The task requires repeating, word for word, the lines from the one with "Morning exploration of" through the end of the material, leaving out all pictures.

- **RECORDS SUPPLIED**:
· · · ·
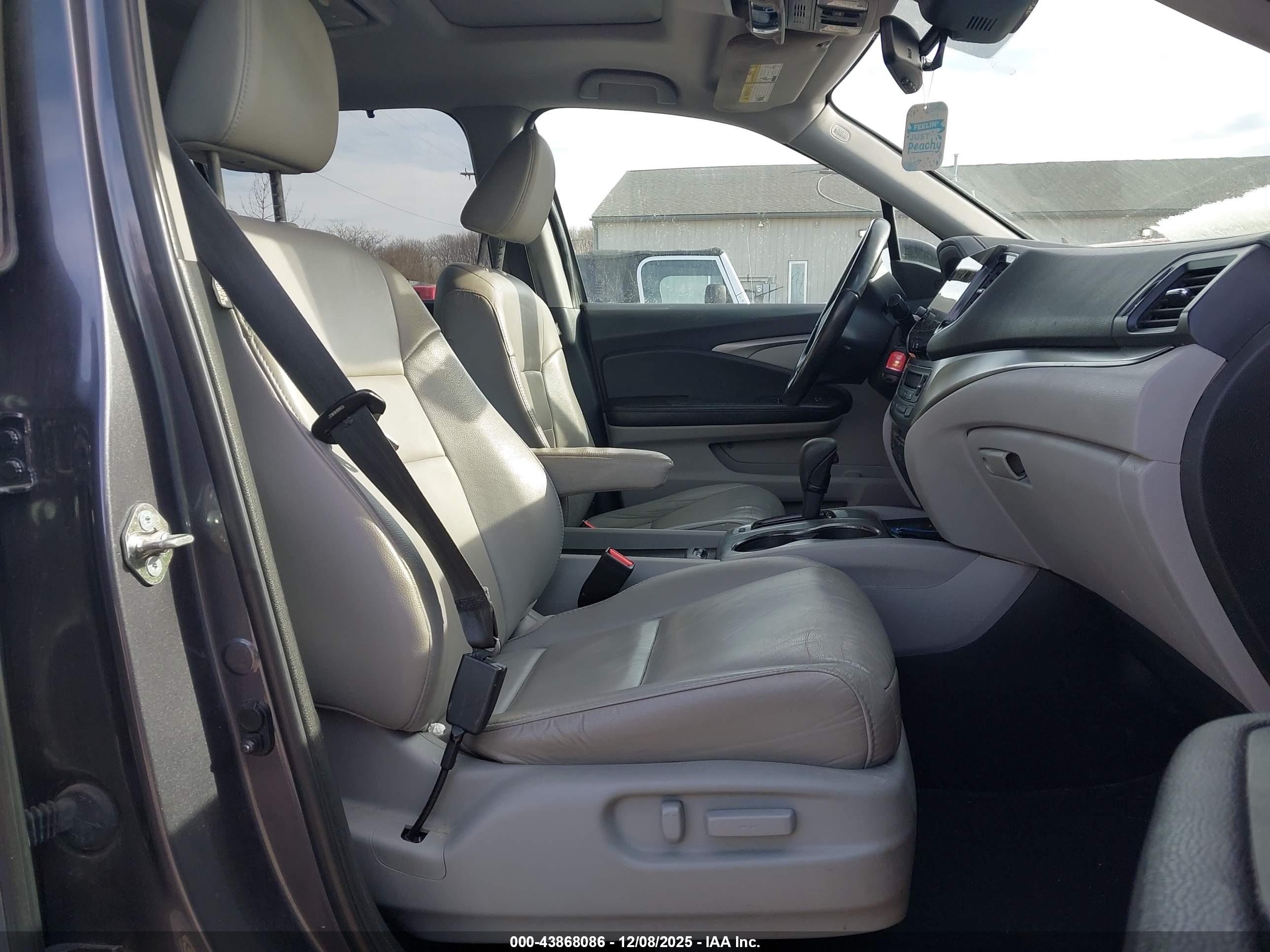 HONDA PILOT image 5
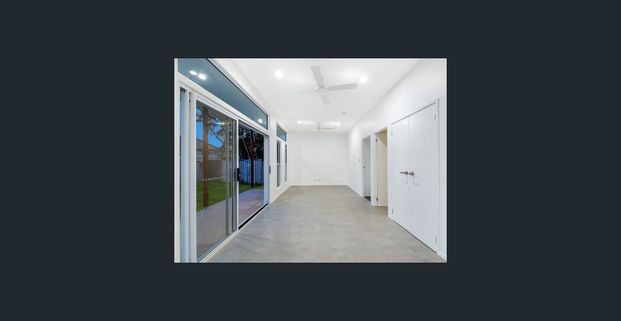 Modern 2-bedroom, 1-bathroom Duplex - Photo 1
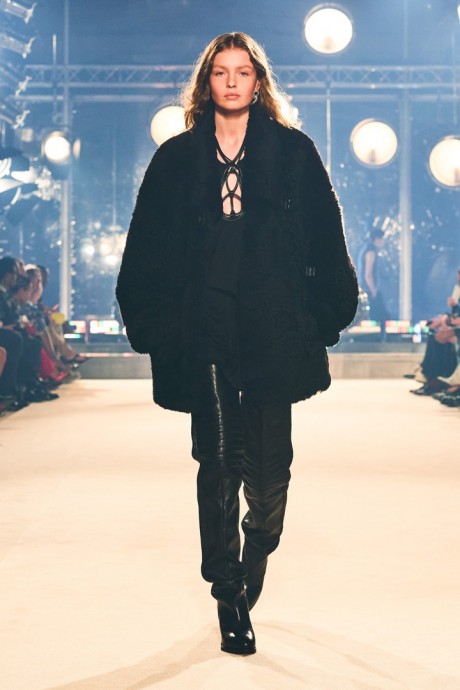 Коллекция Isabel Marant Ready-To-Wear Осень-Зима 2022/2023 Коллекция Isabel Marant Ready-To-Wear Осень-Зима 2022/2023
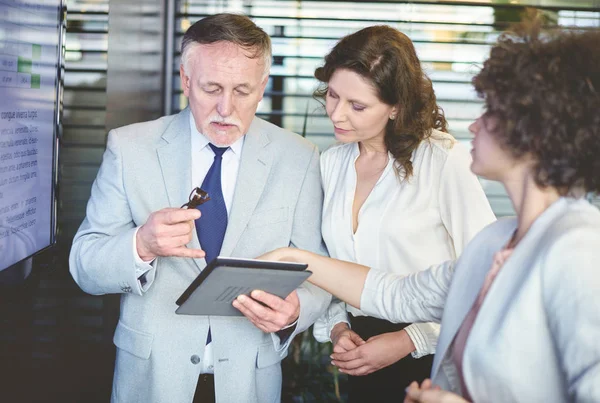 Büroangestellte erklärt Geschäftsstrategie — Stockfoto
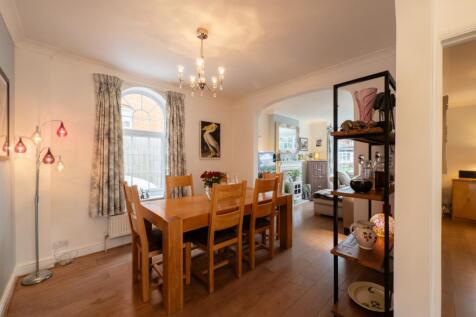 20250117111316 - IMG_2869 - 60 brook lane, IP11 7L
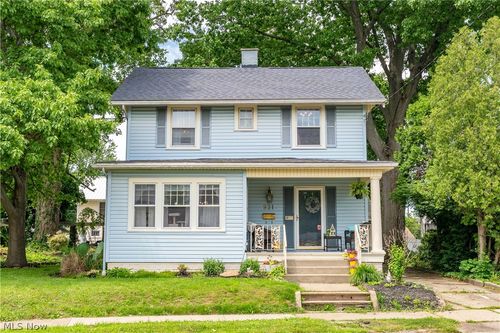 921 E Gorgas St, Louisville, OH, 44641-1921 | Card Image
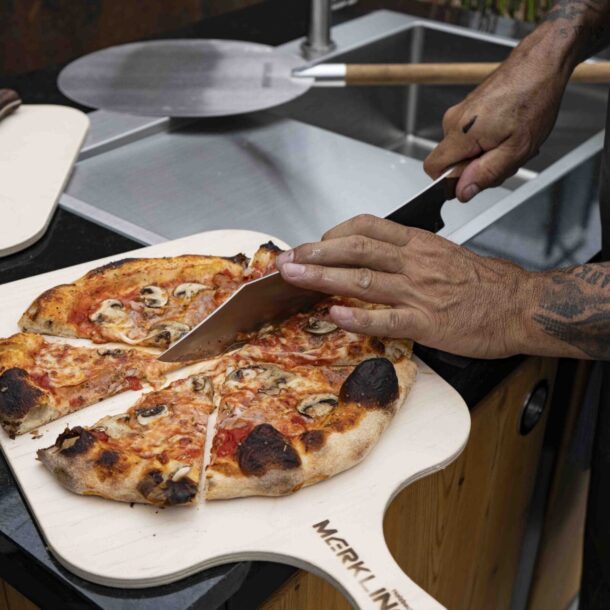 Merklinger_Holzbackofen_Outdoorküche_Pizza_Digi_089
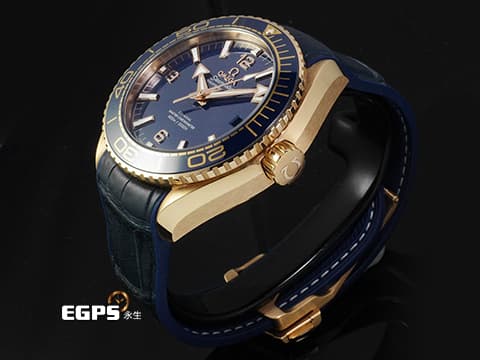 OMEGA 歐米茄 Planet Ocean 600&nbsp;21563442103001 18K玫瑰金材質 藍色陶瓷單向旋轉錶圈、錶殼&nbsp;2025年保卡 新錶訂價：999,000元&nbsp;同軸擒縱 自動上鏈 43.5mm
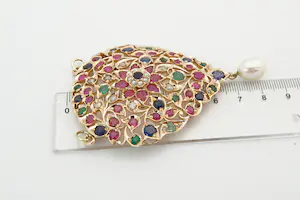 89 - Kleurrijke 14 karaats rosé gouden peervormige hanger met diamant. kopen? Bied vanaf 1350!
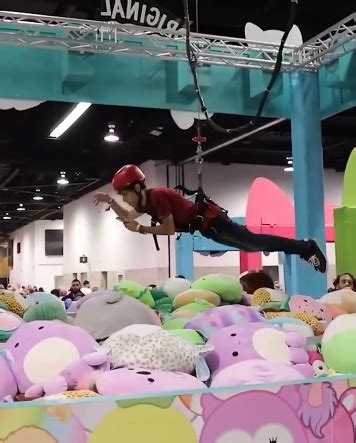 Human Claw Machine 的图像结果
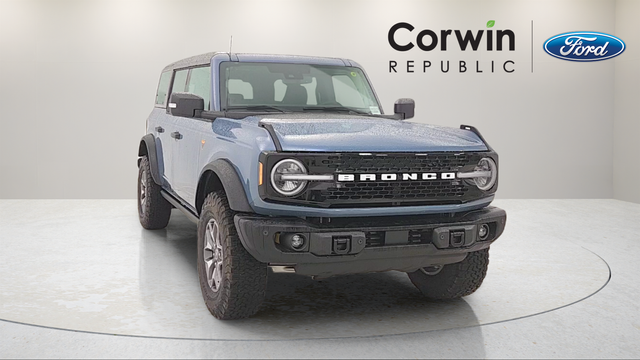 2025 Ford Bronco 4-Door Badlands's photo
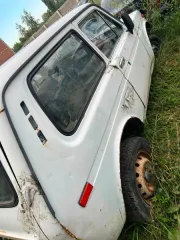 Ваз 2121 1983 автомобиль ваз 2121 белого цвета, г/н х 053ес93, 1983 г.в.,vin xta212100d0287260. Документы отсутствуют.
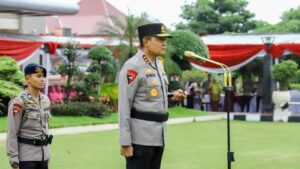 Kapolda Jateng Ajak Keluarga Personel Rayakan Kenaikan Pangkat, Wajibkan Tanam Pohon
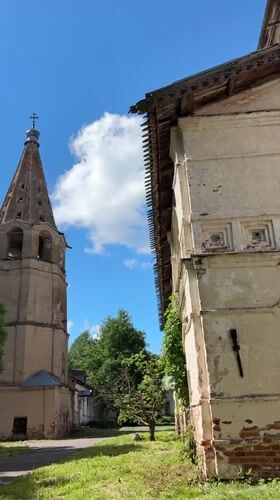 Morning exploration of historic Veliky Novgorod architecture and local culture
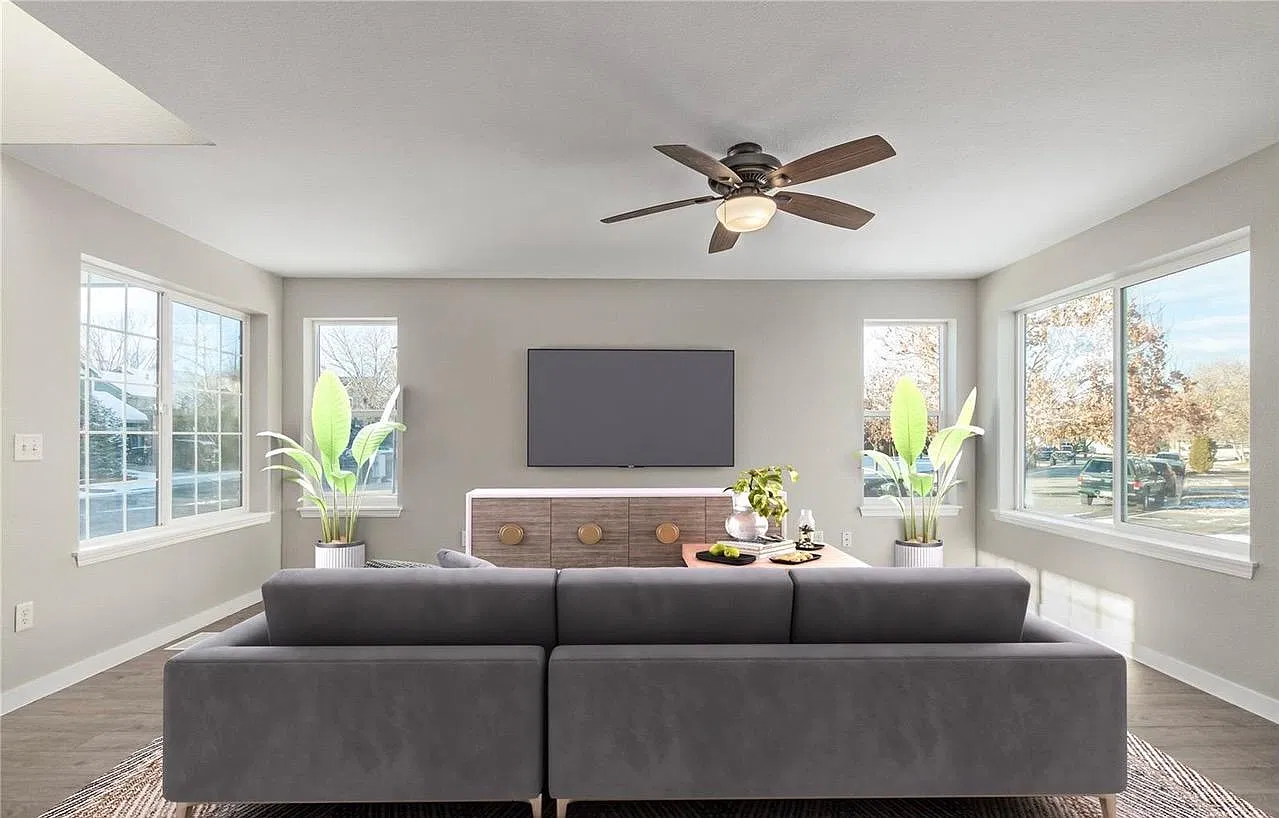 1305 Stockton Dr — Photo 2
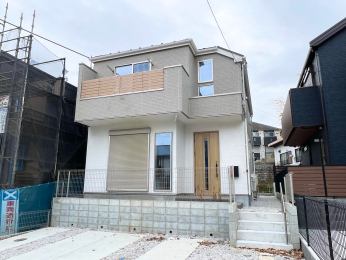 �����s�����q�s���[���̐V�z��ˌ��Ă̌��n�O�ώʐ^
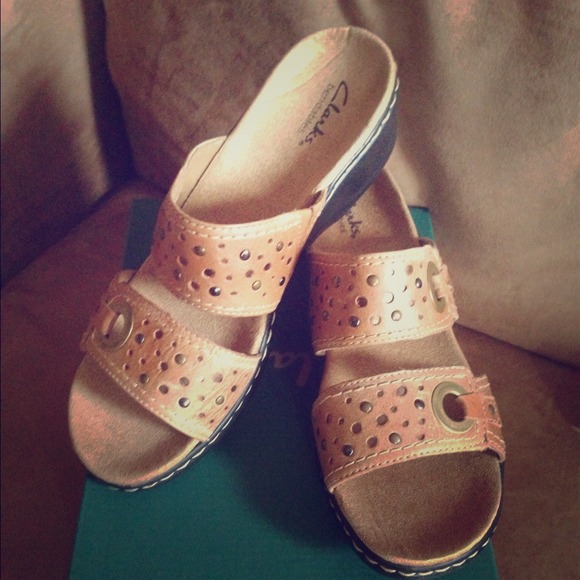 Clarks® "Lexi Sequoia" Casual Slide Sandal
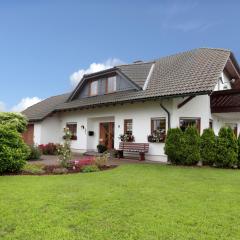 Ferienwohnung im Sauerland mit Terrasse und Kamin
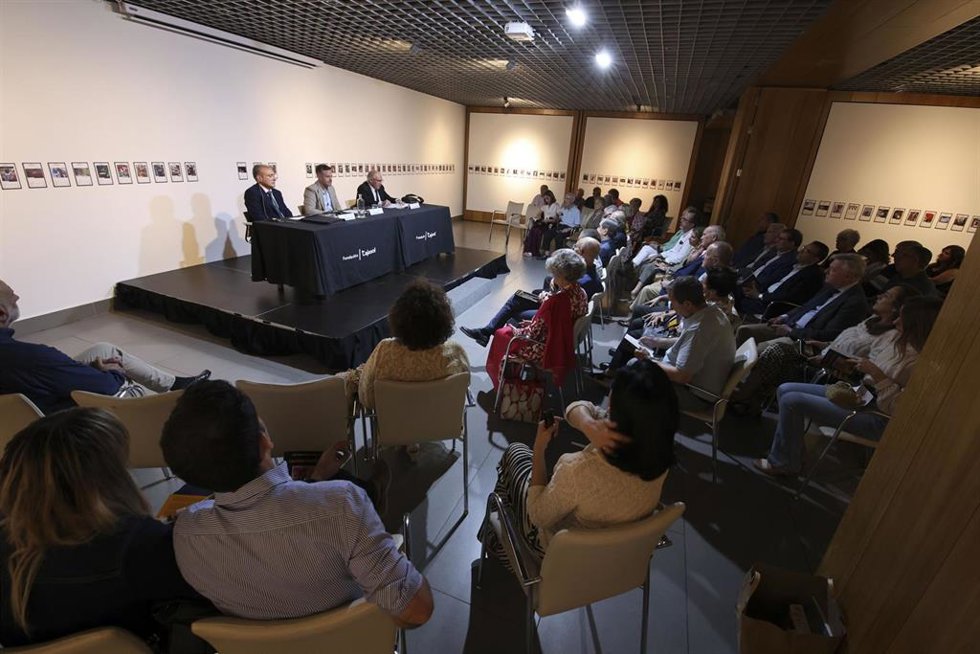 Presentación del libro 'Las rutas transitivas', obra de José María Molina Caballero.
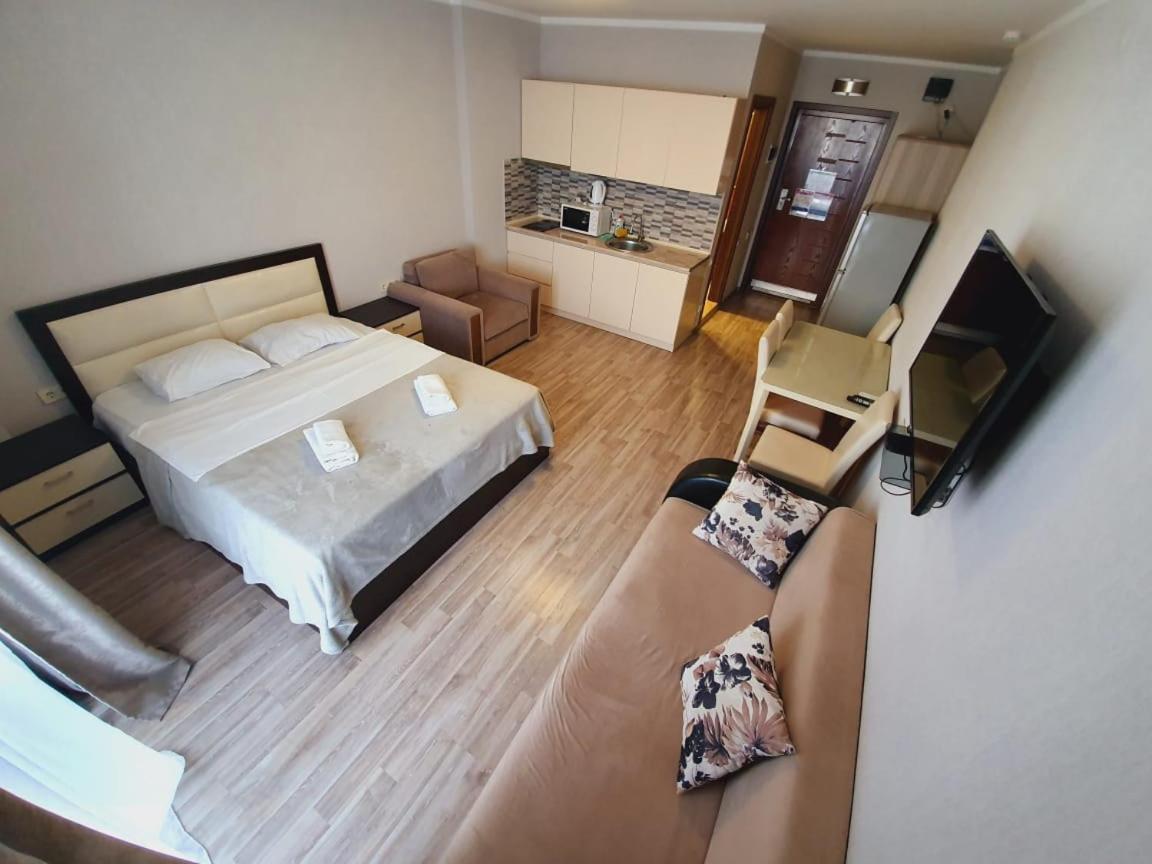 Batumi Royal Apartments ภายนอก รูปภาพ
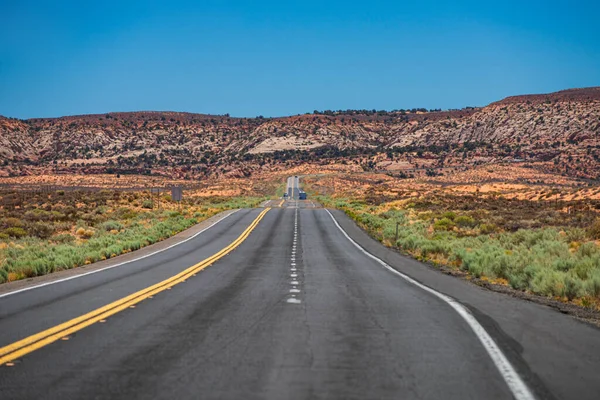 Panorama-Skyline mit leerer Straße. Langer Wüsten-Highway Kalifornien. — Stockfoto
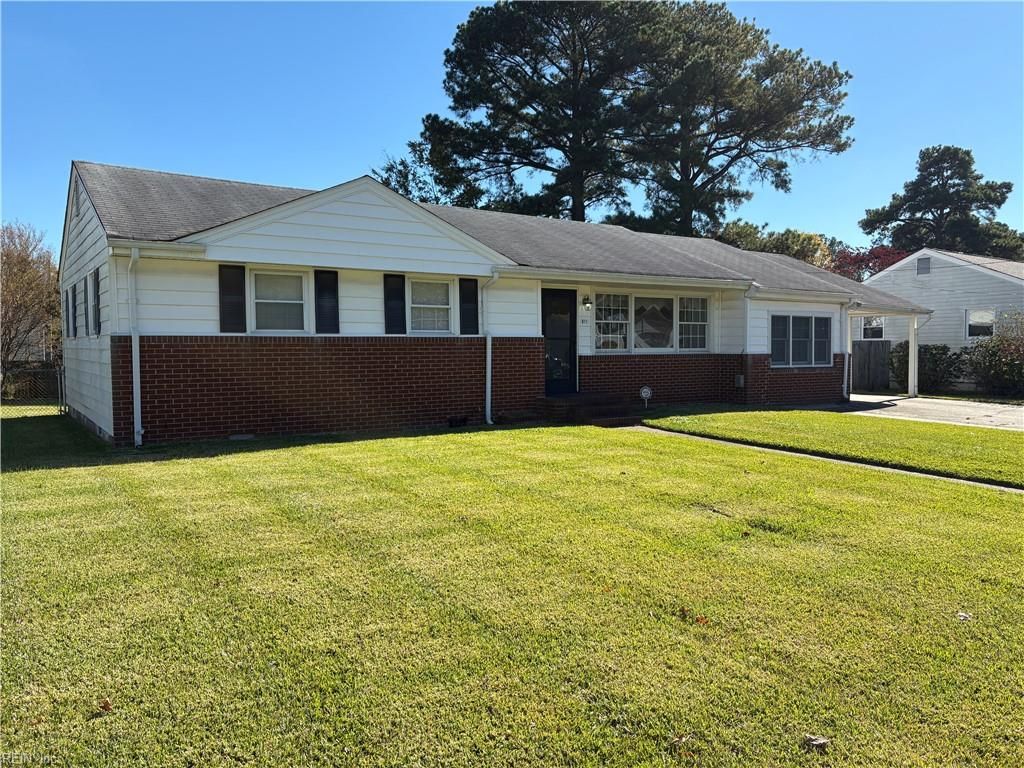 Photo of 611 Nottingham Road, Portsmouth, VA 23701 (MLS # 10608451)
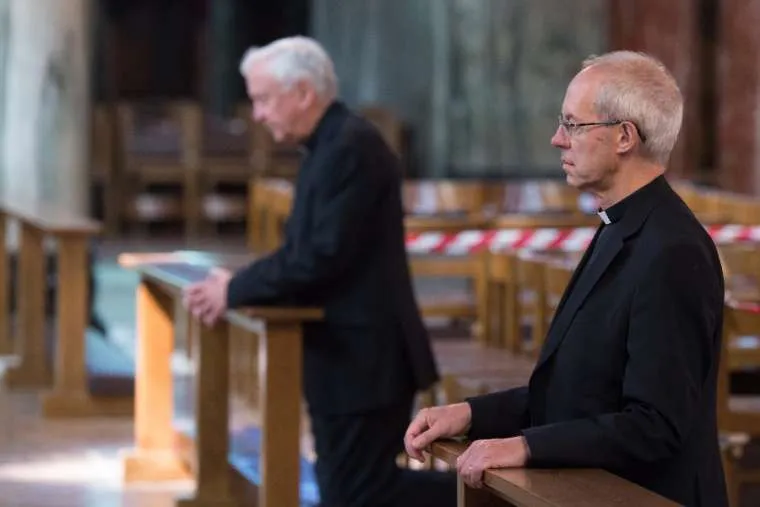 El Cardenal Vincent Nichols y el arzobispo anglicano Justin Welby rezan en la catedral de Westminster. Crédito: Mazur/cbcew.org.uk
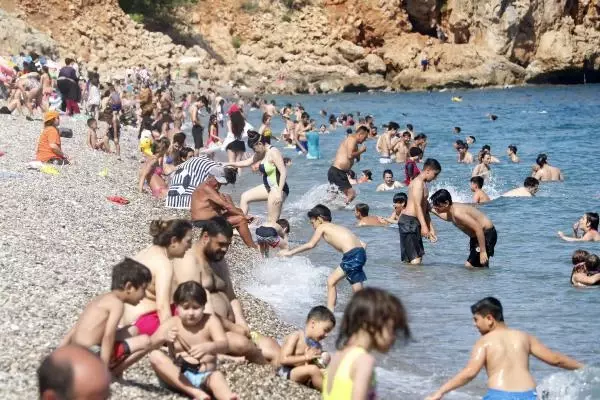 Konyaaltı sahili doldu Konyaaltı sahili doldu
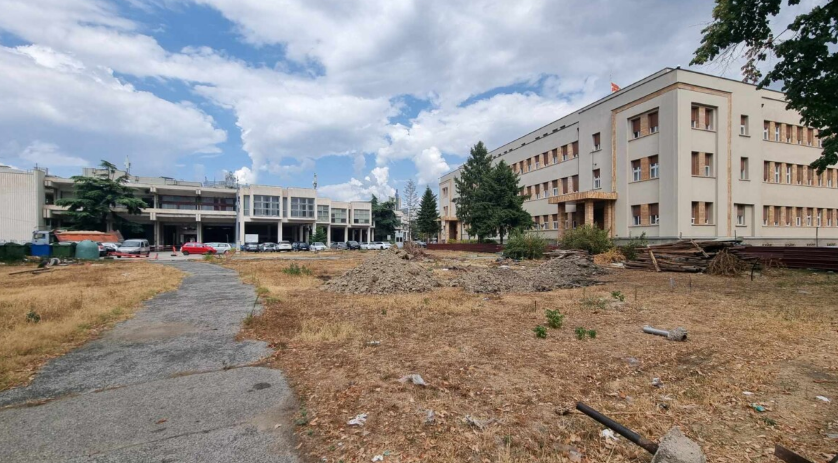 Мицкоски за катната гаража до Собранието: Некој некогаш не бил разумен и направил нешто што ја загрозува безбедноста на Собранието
· · · ·
- **PROBLEM SOLUTION**:
 Morning exploration of historic Veliky Novgorod architecture and local culture
 1305 Stockton Dr — Photo 2
 �����s�����q�s���[���̐V�z��ˌ��Ă̌��n�O�ώʐ^
 Clarks® "Lexi Sequoia" Casual Slide Sandal
 Ferienwohnung im Sauerland mit Terrasse und Kamin
 Presentación del libro 'Las rutas transitivas', obra de José María Molina Caballero.
 Batumi Royal Apartments ภายนอก รูปภาพ
 Panorama-Skyline mit leerer Straße. Langer Wüsten-Highway Kalifornien. — Stockfoto
 Photo of 611 Nottingham Road, Portsmouth, VA 23701 (MLS # 10608451)
 El Cardenal Vincent Nichols y el arzobispo anglicano Justin Welby rezan en la catedral de Westminster. Crédito: Mazur/cbcew.org.uk
 Konyaaltı sahili doldu Konyaaltı sahili doldu
 Мицкоски за катната гаража до Собранието: Некој некогаш не бил разумен и направил нешто што ја загрозува безбедноста на Собранието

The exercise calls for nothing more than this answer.